Oil traded above $85 a barrel and near a four-year high on Wednesday, supported by expectations that U.S. sanctions on Iran will tighten supply and strain the ability of Saudi Arabia and other producers to pump more.
Crude exports from Iran, OPEC’s third-largest producer, are already falling as the U.S. sanctions kicking in on Nov. 4 deter buyers. The drop in exports is reducing the impact of an OPEC production increase agreed in June.
Brent crude LCOc1, the global benchmark, was up 38 cents at $85.18 a barrel at 0833 GMT. It reached $85.45 on Monday, its highest level since November 2014. U.S. crude CLc1 was up 24 cents at $75.47.
Olivier Jakob, analyst at Petromatrix said, “Iran is the main supportive factor and is a test to the spare capacity of Saudi Arabia.”
With Iranian exports expected to fall further, analysts say there may not be enough spare production capacity in the short term to meet demand, potentially requiring large withdrawals from storage.
“The fact that Saudi Arabia has been timid in its reaction has reinforced the notion there is limited spare capacity available.” The Organization of the Petroleum Exporting Countries, plus allies including Russia, have been limiting supply since 2017 to get rid of a glut. They partially relaxed the cut in June, under pressure from U.S. President Donald Trump to cool prices.
OPEC has so far ruled out any further production increase, beyond delivering the boost agreed in June, despite prices rallying further and more pressure from Trump.
Russia’s energy minister, Alexander Novak, said on Wednesday the market has more or less stabilized but many uncertainties remain, including the sanctions on Iran, and could push prices higher.
Nonetheless, a strong dollar .DXY, which makes oil imports more expensive for countries using other currencies, as well as an industry report showing rising inventories in the United States limited the rally.
U.S. crude inventories rose by 907,000 barrels in the week to Sept. 28 to 400.9 million, the American Petroleum Institute said on Tuesday.
With oil prices soaring, there are concerns over their inflationary effect on demand growth, especially in Asia’s emerging markets where weakening currencies are further adding to high fuel import costs.

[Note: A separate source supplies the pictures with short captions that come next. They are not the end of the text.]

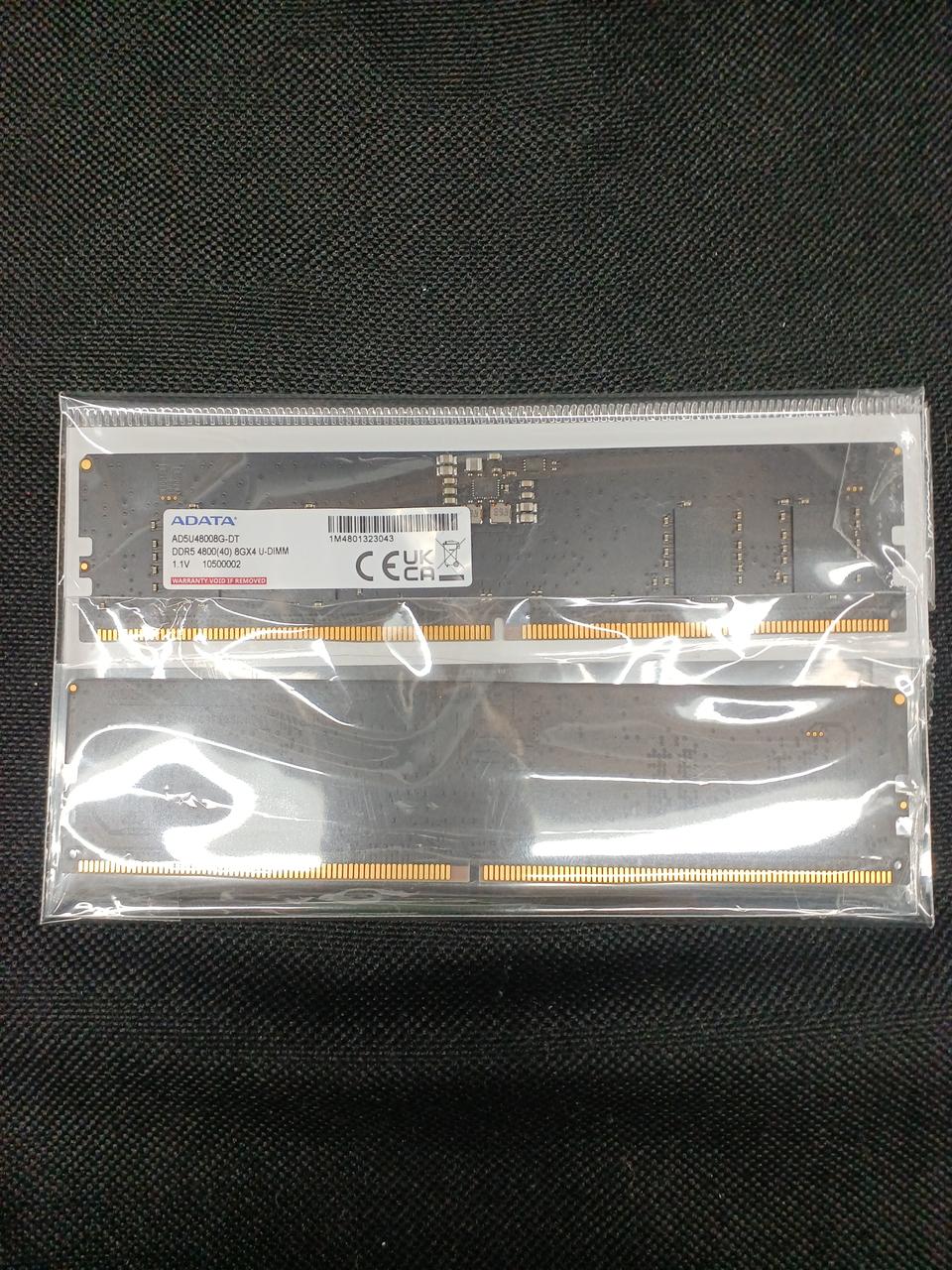 ADATA AD5U48008G-DT Desktop Memory 8GB x2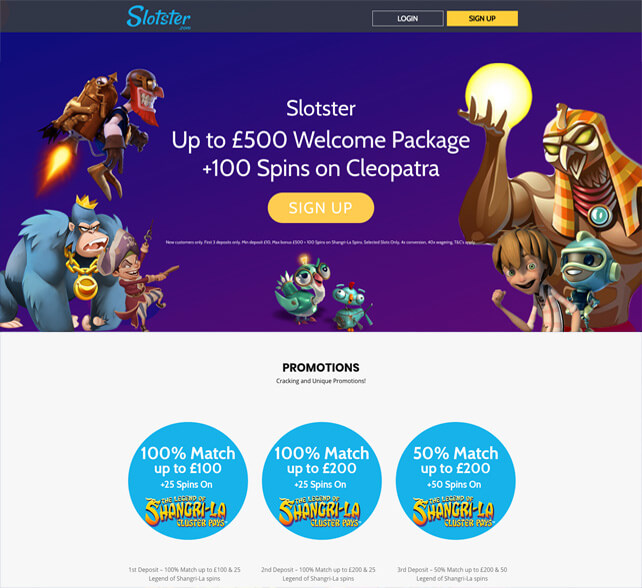 slotster casino review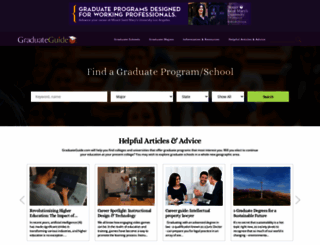 graduateguide.com screenshot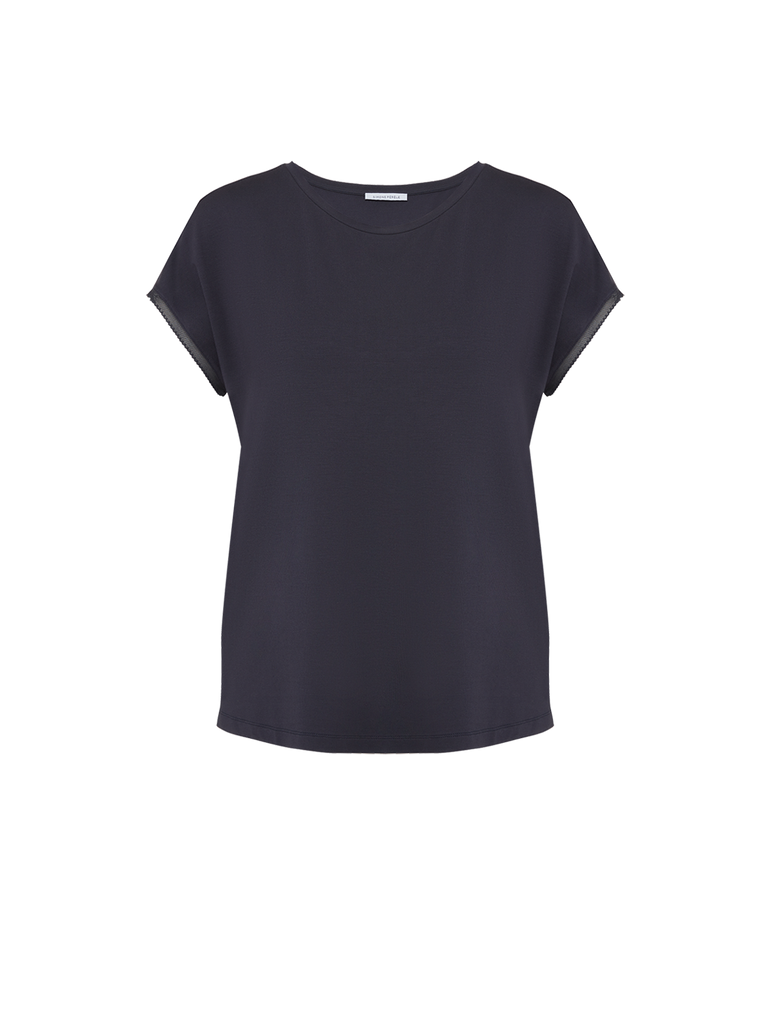 Simone Perele Aurore EcoVero Black T-shirt top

Add the trade disputes between the US and other major powers, especially China, and economic growth into 2019 could be eroded.
Growth in China’s manufacturing sector already sputtered in September as both external and domestic demand weakened, two surveys showed on Sunday.
In Japan, business confidence among big manufacturers declined in the last quarter its lowest in nearly a year, as firms felt the pinch from rising raw material costs and as global trade conditions worsened.
In a sign that the financial market is positioning itself for further price rises, hedge funds increased their bullish wagers on US crude in the week to September 25, data from the US Commodity Futures Trading Commission (CFTC) showed on Friday, increasing futures and options positions in New York and London by 3,728 contracts to 346,566 during the period.